Exercise objective: After locating the line with "Vue satellite de" below, output it and each following line exactly, stopping after the line with "Женские длинные платья". No pictures.
------------------------------------------------
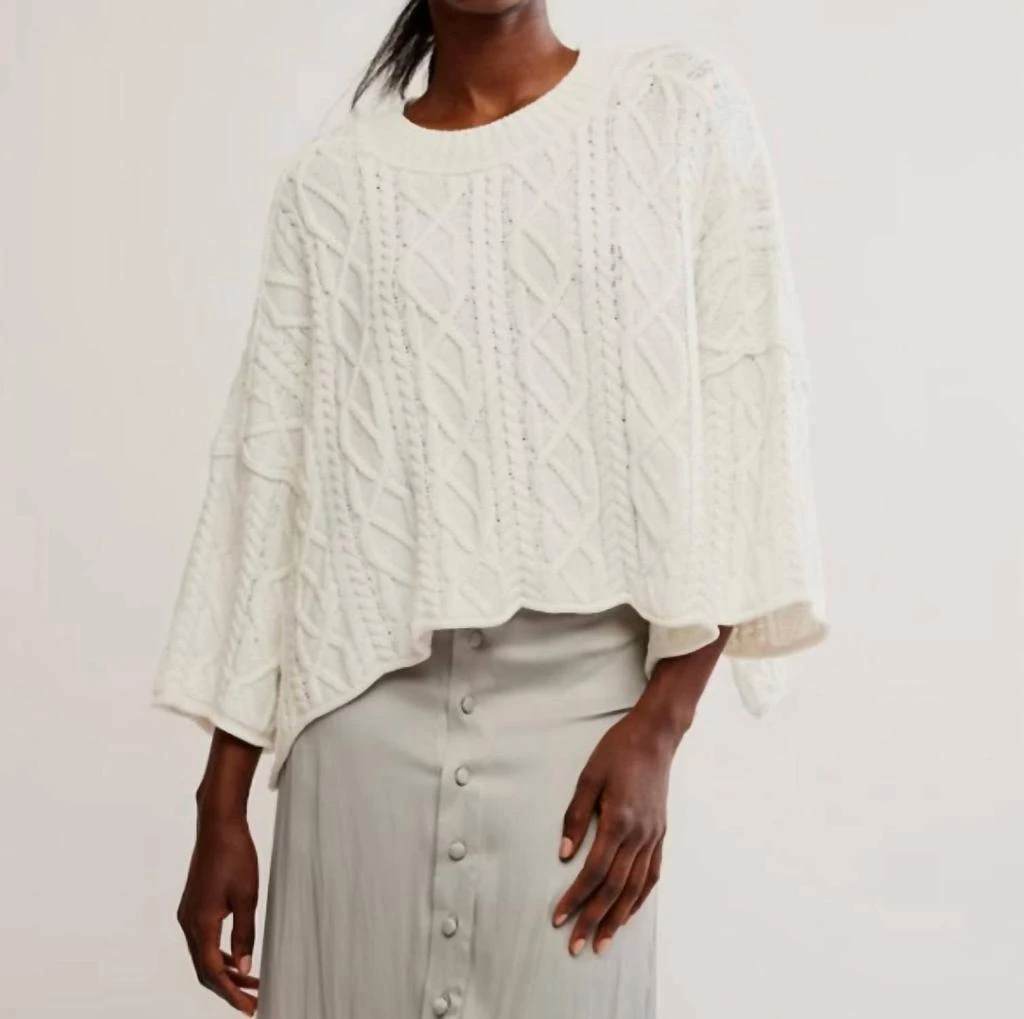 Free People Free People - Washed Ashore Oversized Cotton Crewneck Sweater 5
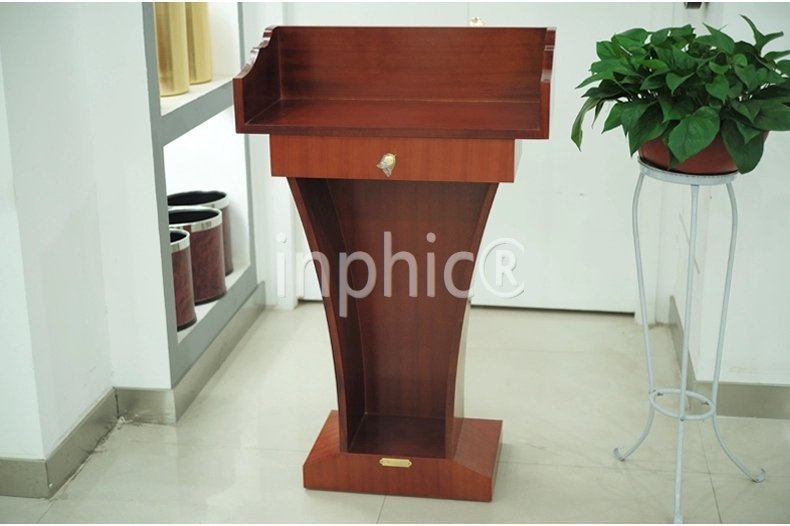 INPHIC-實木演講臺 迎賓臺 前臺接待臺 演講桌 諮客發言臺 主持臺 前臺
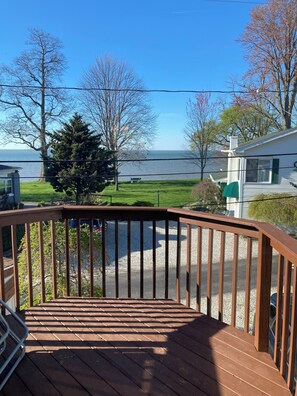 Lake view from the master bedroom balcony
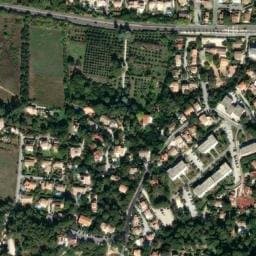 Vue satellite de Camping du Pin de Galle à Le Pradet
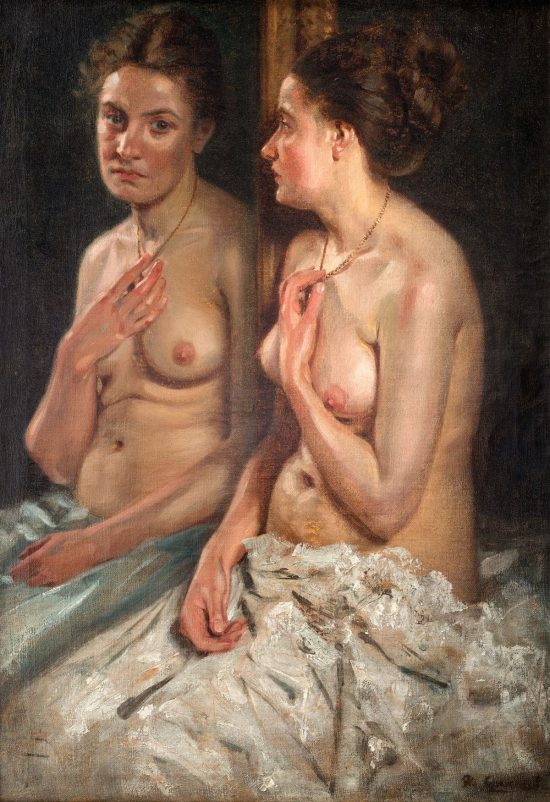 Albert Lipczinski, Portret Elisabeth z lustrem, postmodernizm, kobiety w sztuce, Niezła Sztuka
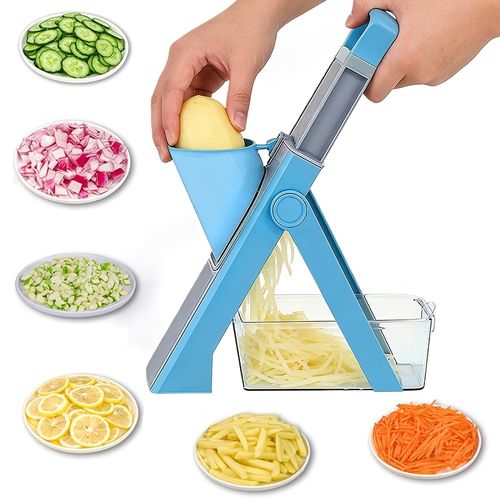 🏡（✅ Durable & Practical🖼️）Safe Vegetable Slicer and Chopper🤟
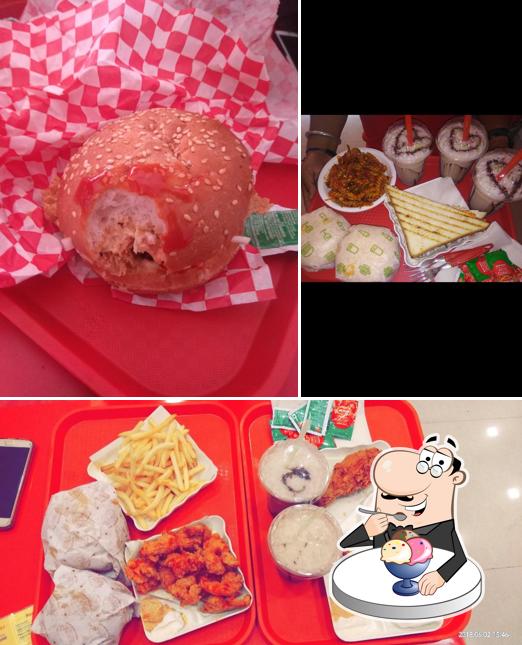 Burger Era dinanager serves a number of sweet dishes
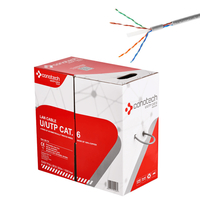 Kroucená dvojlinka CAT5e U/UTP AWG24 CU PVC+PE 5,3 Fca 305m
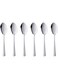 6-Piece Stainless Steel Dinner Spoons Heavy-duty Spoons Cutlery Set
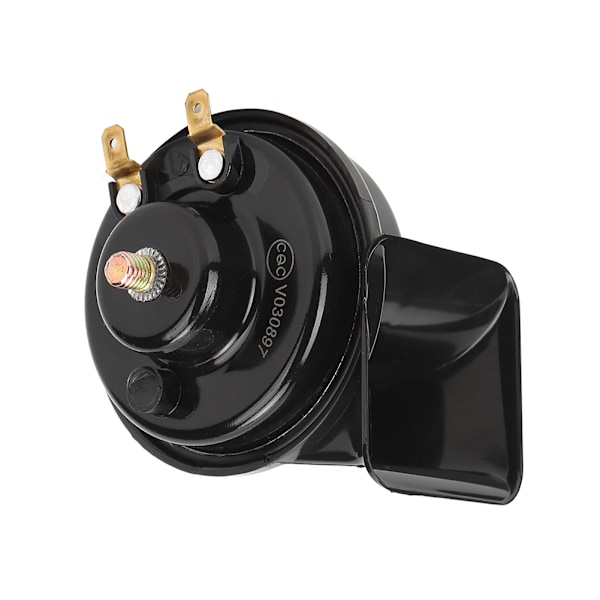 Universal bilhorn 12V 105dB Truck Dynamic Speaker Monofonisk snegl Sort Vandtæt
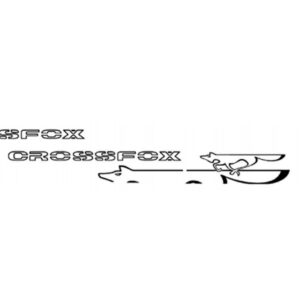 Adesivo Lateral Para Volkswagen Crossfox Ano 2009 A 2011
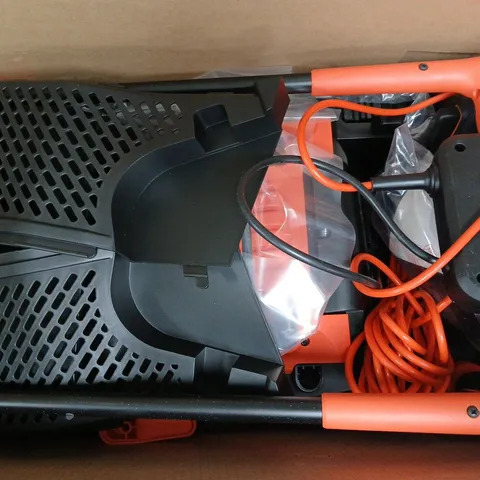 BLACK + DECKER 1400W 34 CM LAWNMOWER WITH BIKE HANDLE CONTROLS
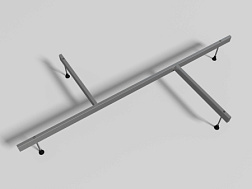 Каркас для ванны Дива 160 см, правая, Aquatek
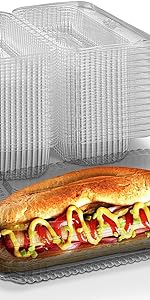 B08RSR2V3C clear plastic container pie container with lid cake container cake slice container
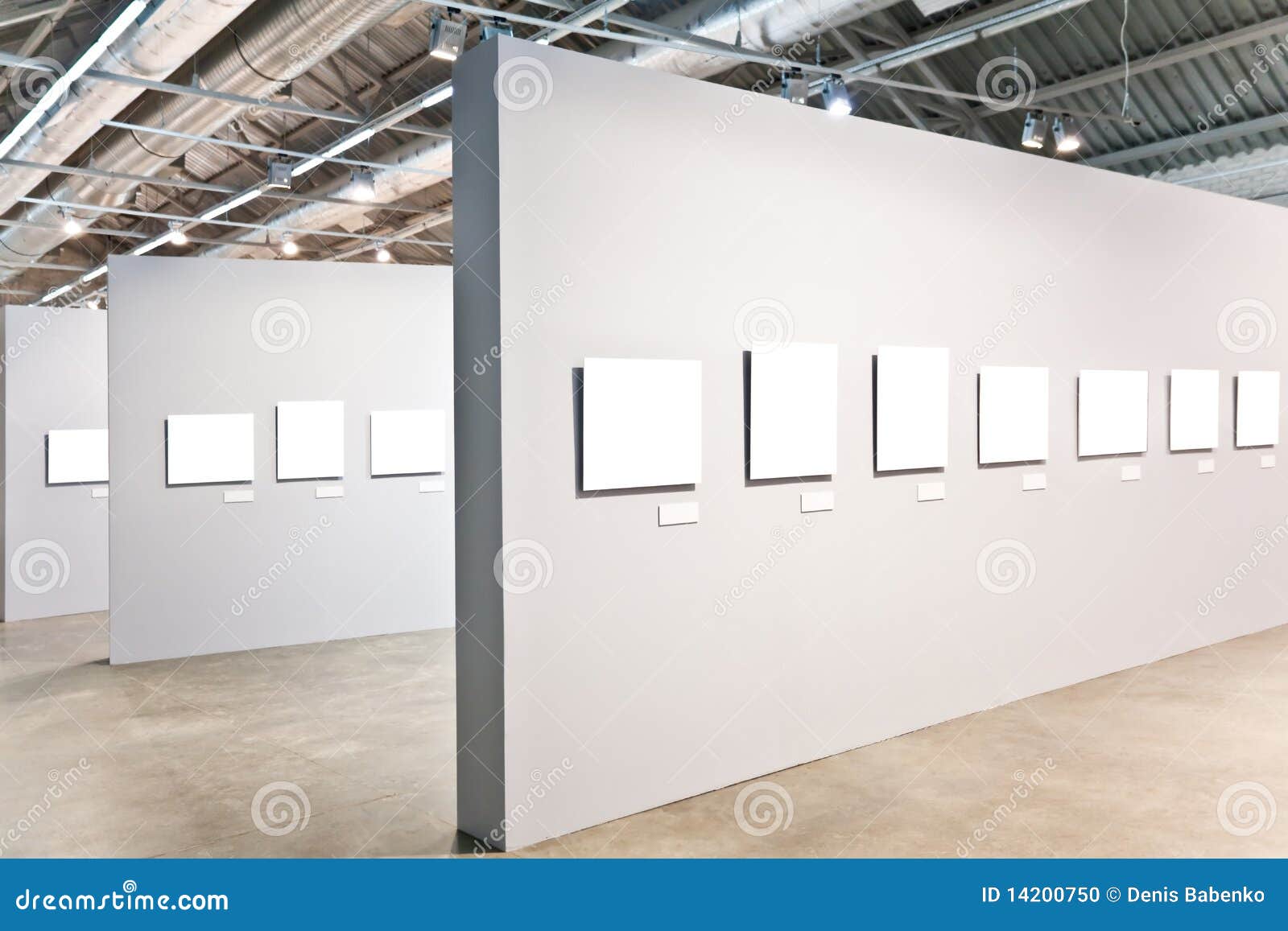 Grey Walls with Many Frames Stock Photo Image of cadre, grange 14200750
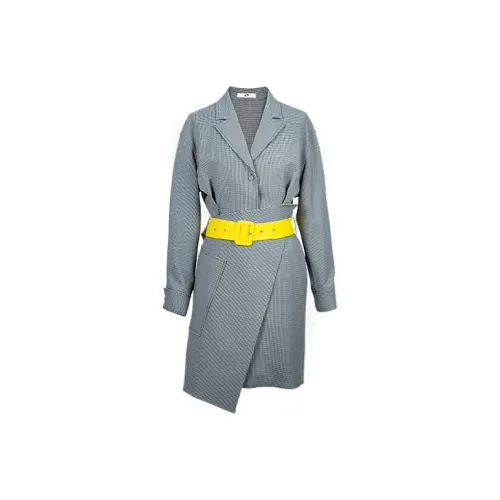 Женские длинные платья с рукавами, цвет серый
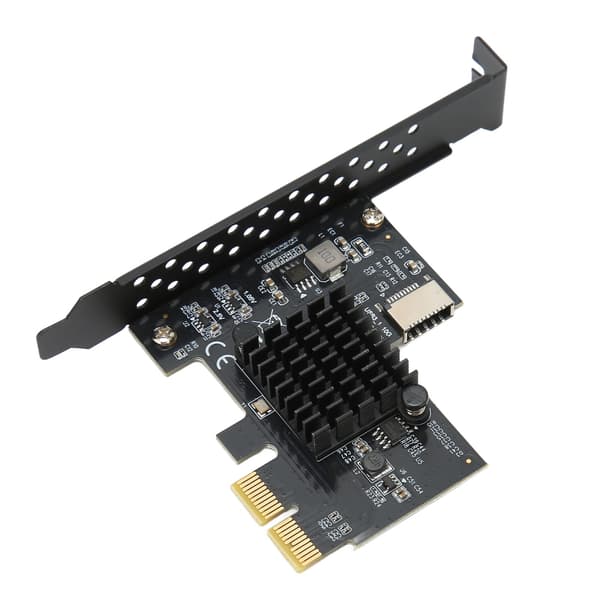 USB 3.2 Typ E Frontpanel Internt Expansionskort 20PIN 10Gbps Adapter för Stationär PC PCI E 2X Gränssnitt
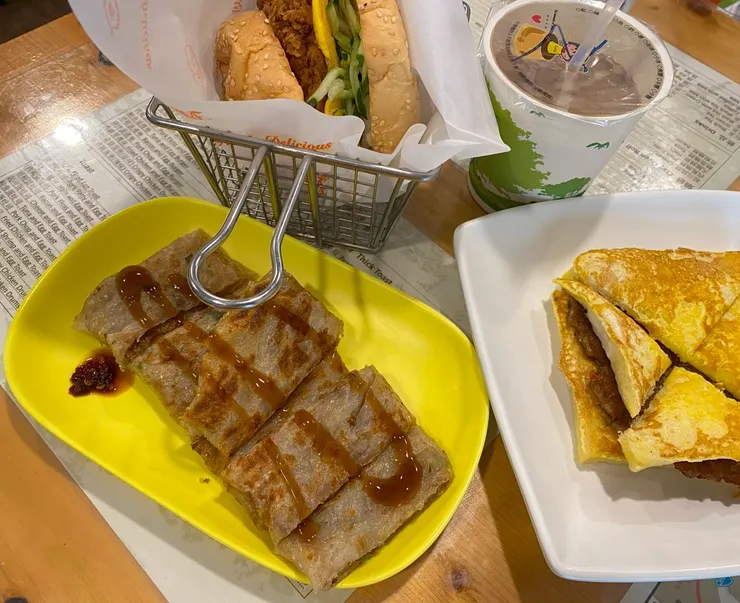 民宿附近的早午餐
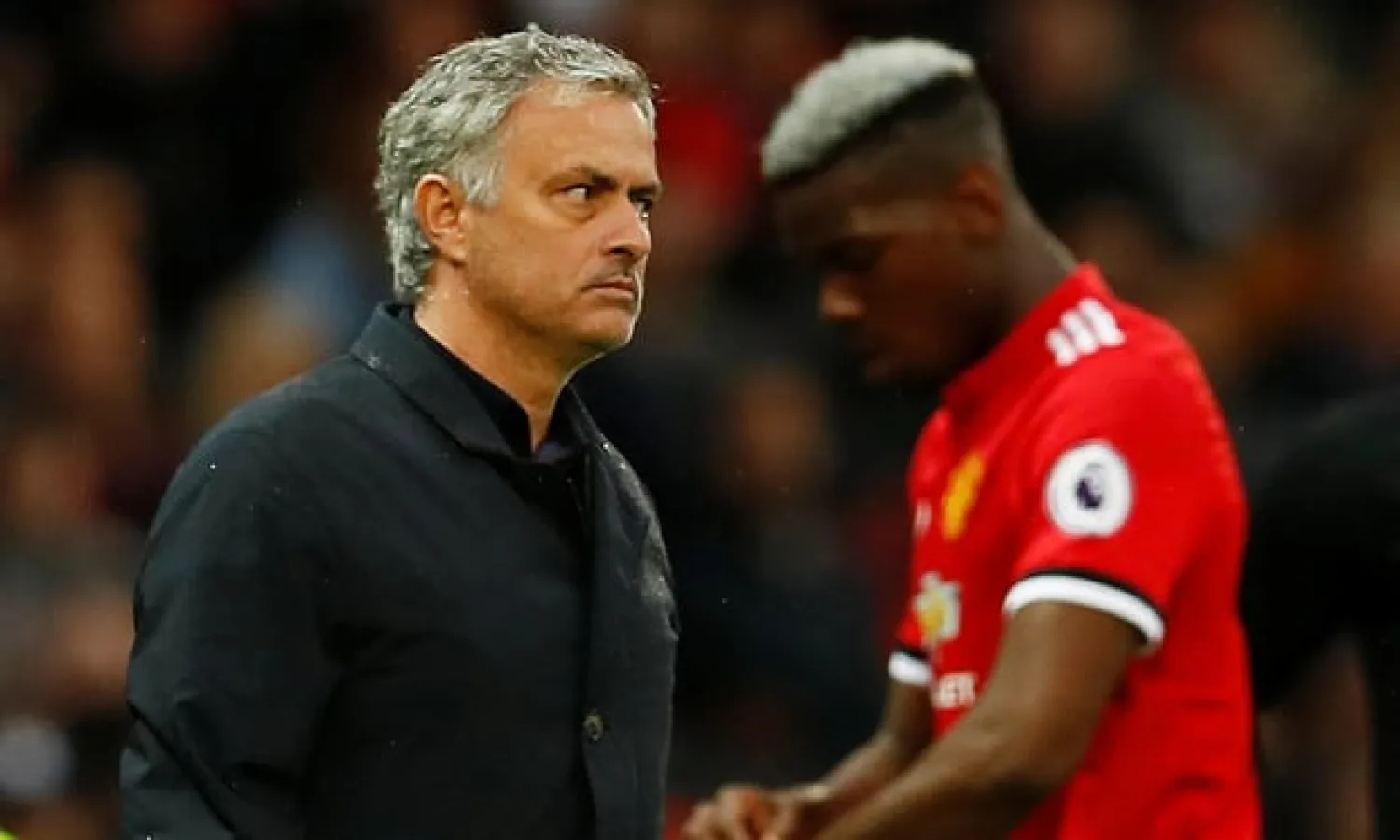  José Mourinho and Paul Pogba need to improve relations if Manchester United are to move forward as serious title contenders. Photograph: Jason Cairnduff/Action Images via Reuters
------------------------------------------------
Result:
 Vue satellite de Camping du Pin de Galle à Le Pradet
 Albert Lipczinski, Portret Elisabeth z lustrem, postmodernizm, kobiety w sztuce, Niezła Sztuka
 🏡（✅ Durable & Practical🖼️）Safe Vegetable Slicer and Chopper🤟
 Burger Era dinanager serves a number of sweet dishes
 Kroucená dvojlinka CAT5e U/UTP AWG24 CU PVC+PE 5,3 Fca 305m
 6-Piece Stainless Steel Dinner Spoons Heavy-duty Spoons Cutlery Set
 Universal bilhorn 12V 105dB Truck Dynamic Speaker Monofonisk snegl Sort Vandtæt
 Adesivo Lateral Para Volkswagen Crossfox Ano 2009 A 2011
 BLACK + DECKER 1400W 34 CM LAWNMOWER WITH BIKE HANDLE CONTROLS
 Каркас для ванны Дива 160 см, правая, Aquatek
 B08RSR2V3C clear plastic container pie container with lid cake container cake slice container
 Grey Walls with Many Frames Stock Photo Image of cadre, grange 14200750
 Женские длинные платья с рукавами, цвет серый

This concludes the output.